Visualize Multiple ROCs


In [ ]:
rxRocCurve("default",
           c("pred_logit_default", "pred_tree_default"),
           data = default_tree_scored)

Lab - Estimate Other Models Using the Functions Above

Ensemble Tree Algorithms

Two of the most predictive algorithms in the RevoScaleR package are the rxBTrees and rxDForest algorithms, for gradient boosted decision trees and random forests, respectively.

Use the above functions and estimate a model for each of those algorithms, and add them to the default_tree_scored dataset to visualize ROC and AUC metrics.


In [ ]:
## Starter code

default_model_forest <- estimate_model(mort_split$train,
                                       model = ?,
                                       nTree = 100,
                                       importance = ,
                                       ### any other args?,
                                       reportProgress = 0)

default_forest_scored <- rxPredict(default_model_forest,
                                  mort_split$validate,
                                 "scored.xdf",
                                type = 'prob',
                                predVarNames = c("pred_forest_current", "pred_forest_default", "pred_default"))

## same for rxBTrees

default_model_gbm <- estimate_model(mort_split$train,
                                    model = ,
                                    importance = TRUE,
                                    nTree = ,
                                    ### any other args?,
                                    reportProgress = 0)

default_gbm_scored <- rxPredict(default_model_gbm,
                                  mort_split$validate,
                                 "scored.xdf",
                                predVarNames = c("pred_gbm_default"))

In [ ]:
#
# rxRocCurve(actualVarName = "default",
#            predVarNames = c("pred_tree_default",
#                             "pred_logit_default",
#                             "pred_forest_default",
#                             "pred_gbm_default"),
#            data = 'scored.xdf')

More Advanced Topics

Scoring on Non-XDF Data Sources

Using a CSV as a Data Source

  • The previous slides focused on using xdf data sources
  • Most of the rx functions will work on non-xdf data sources
  • For training, which is often an iterative process, it is recommended to use xdfs
  • For scoring/testing, which requires just one pass through the data, feel free to use raw data!

In [ ]:
csv_path <- paste(rxGetOption("sampleDataDir"),
                   "mortDefaultSmall2009.csv",
                   sep = "/")
file.copy(csv_path, "mortDefaultSmall2009.csv", overwrite = TRUE)

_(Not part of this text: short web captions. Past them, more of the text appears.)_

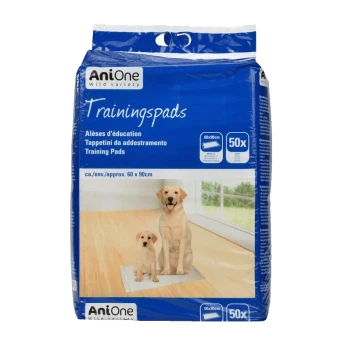 Packung mit AniOne Training Pads mit zwei Labrador-Welpen auf einem Pad, mit den Maßen 60x90 cm und 50 Pads enthalten.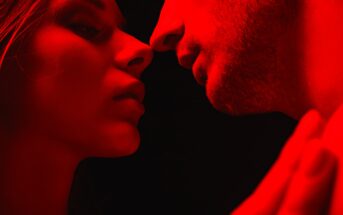 Close-up of two people in an intimate pose, their faces lit by red lighting against a dark background. They are facing each other, capturing a moment of anticipation or connection.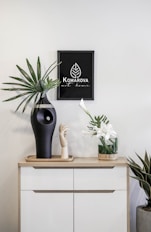 a black vase sitting on top of a white dresser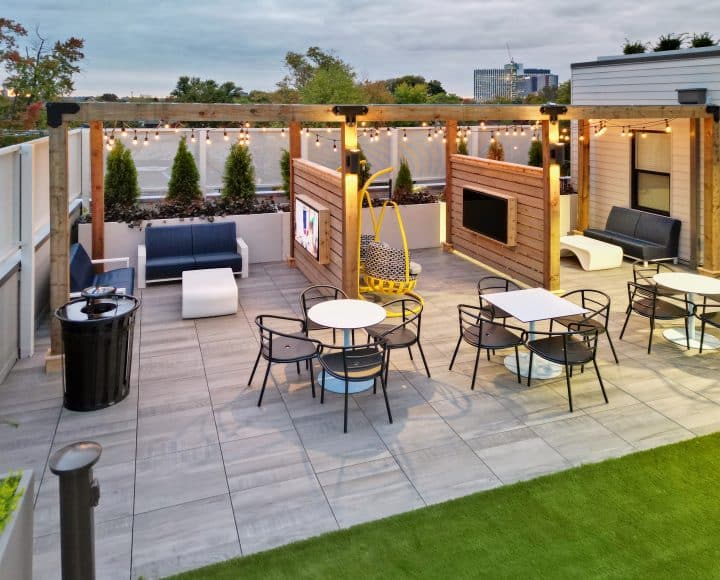 The Verve Columbus student apartments outdoor lounge with couches, eating tables, and TVs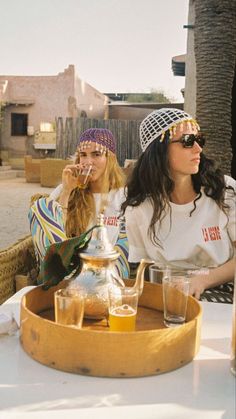 two women sitting at an outdoor table with drinks in front of them, one drinking from a teapot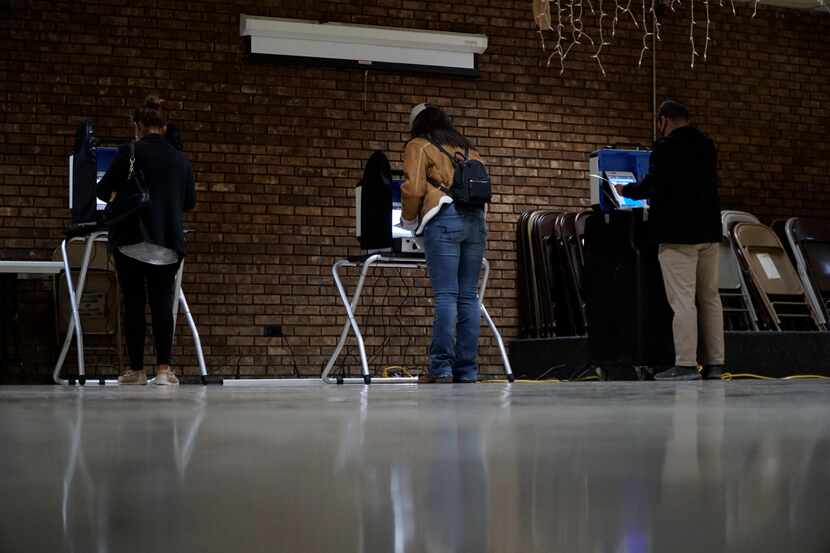 Voters cast their ballots at the Knights of Columbus building on the north side of Fort...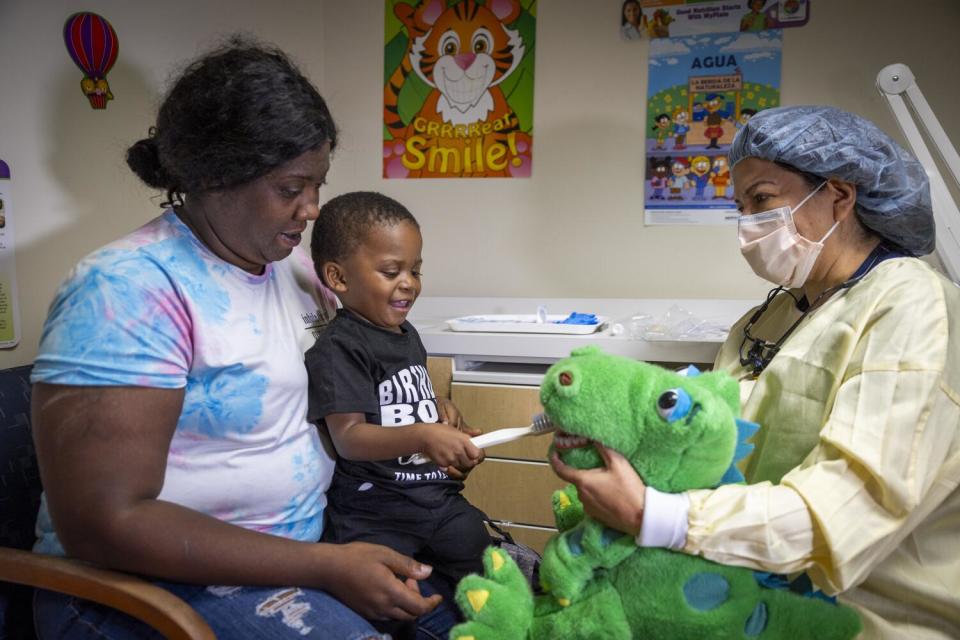 A dental hygienist holds open the mouth of a stuffed animal so a young boy can learn good teeth brushing habits.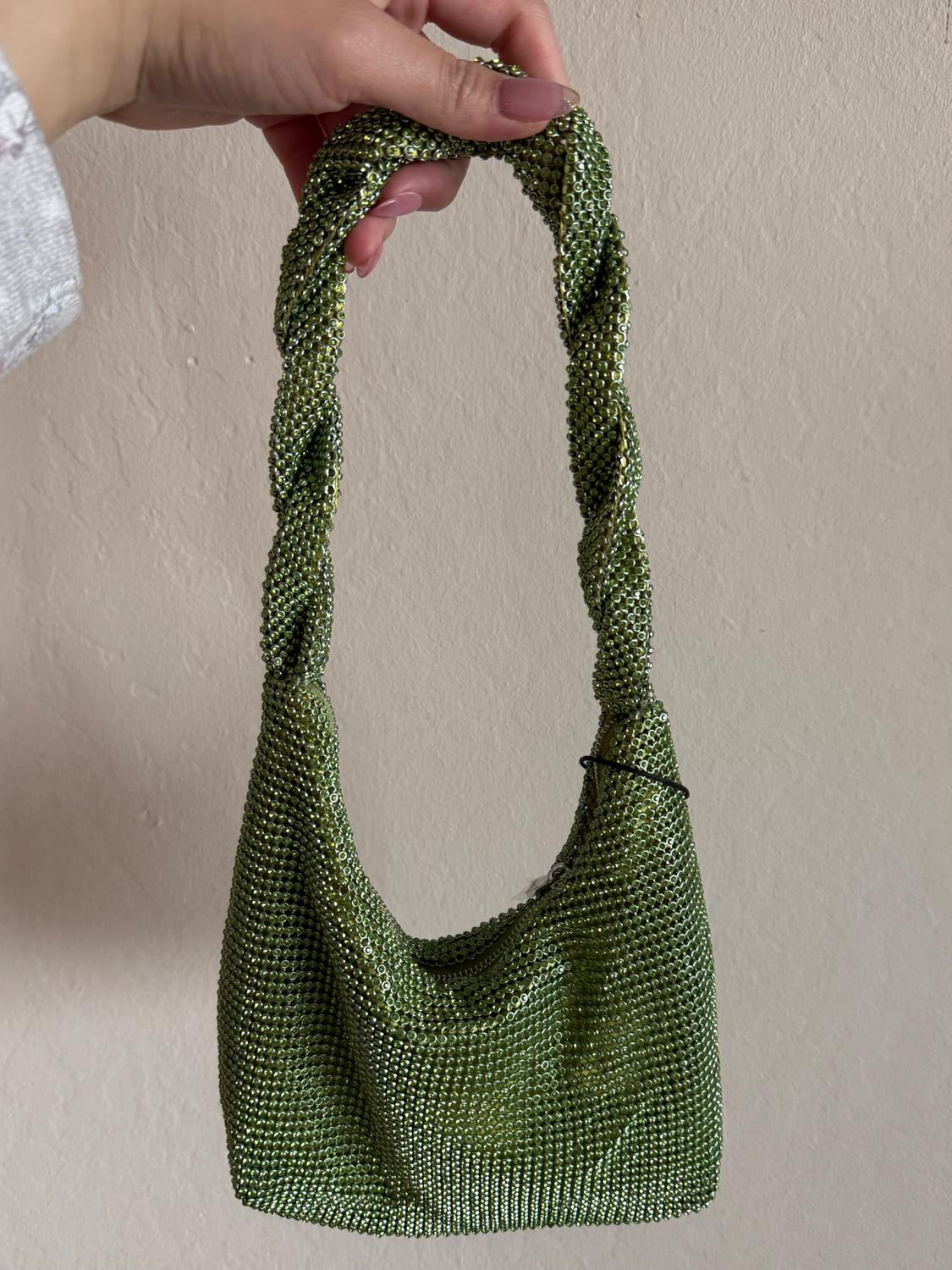 A bright green handbag with a braided handle, held by a hand with pink painted nails, against a beige background.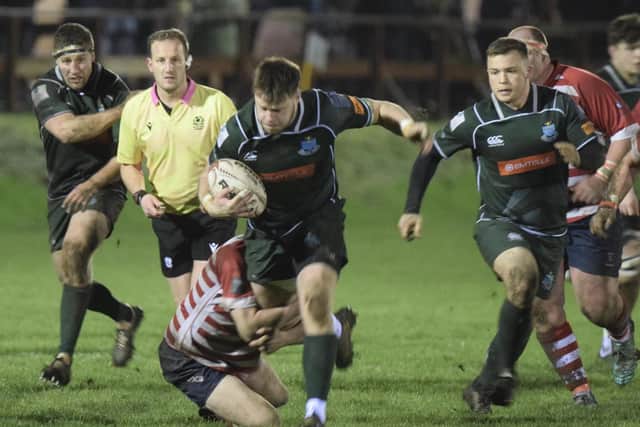 Andrew Mitchell in possession, supported by Calum Renwick and Russell Anderson, during Hawick's 38-7 Border League win away to Peebles at the Gytes on Friday (Photo: Malcolm Grant)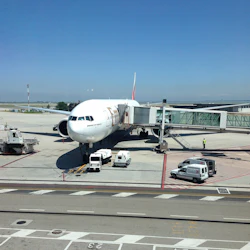 Ett stort plan anslutet till en jetbro vid en flygplatsgrind, med servicefordon och besättning på asfalten under en klar himmel.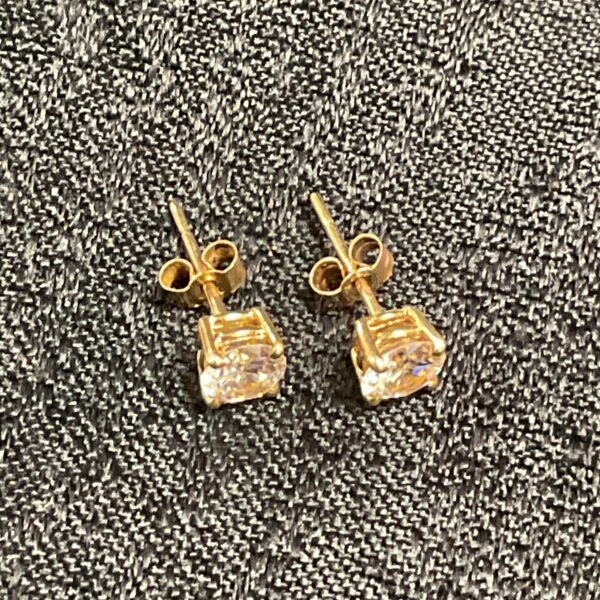 Close-up of 9 carat gold stud earrings with white stones.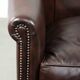Dark cow leather club armchair in good condition with an English design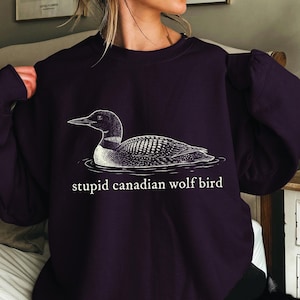 Pode incluir: Camisola roxa escura com uma ilustração detalhada a preto e branco de um mergulhão na água. O texto "stupid canadian wolf bird" está impresso abaixo. A camisola tem mangas compridas.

mort_csv <- RxTextData("mortDefaultSmall2009.csv")

Regression Tree

  • For a slightly different model, we will estimate a regression tree.
  • Just change the parameters in the estimate_model function

In [ ]:
tree_model_ccdebt <- estimate_model(xdf_data = mort_split$train,
                                    form = make_form(mort_split$train,
                                                     "ccDebt",
                                                     vars_to_skip = c("default_flag",
                                                                      "trainvalidate")),
                                    model = rxDTree)
# plot(RevoTreeView::createTreeView(tree_model_ccdebt))

Test on CSV


In [ ]:
if (file.exists("mort2009predictions.xdf")) file.remove("mort2009predictions.xdf")

In [ ]:
rxPredict(tree_model_ccdebt,
          data = mort_csv,
          outData = "mort2009predictions.xdf",
          writeModelVars = TRUE)

mort_2009_pred <- RxXdfData("mort2009predictions.xdf")
rxGetInfo(mort_2009_pred, numRows = 1)

Multiclass Classification

Convert Year to Factor

  • We have seen how to estimate a binary classification model and a regression tree
  • How would we estimate a multiclass classification model?
  • Let's try to predict mortgage origination based on other variables
  • Use rxFactors to convert year to a factor variable

In [ ]:
mort_xdf_factor <- rxFactors(inData = mort_xdf,
                             factorInfo = c("year"),
                             outFile = "mort_year.xdf",
                             overwrite = TRUE)

Convert Year to Factor


In [ ]:
rxGetInfo(mort_xdf_factor, getVarInfo = TRUE, numRows = 4)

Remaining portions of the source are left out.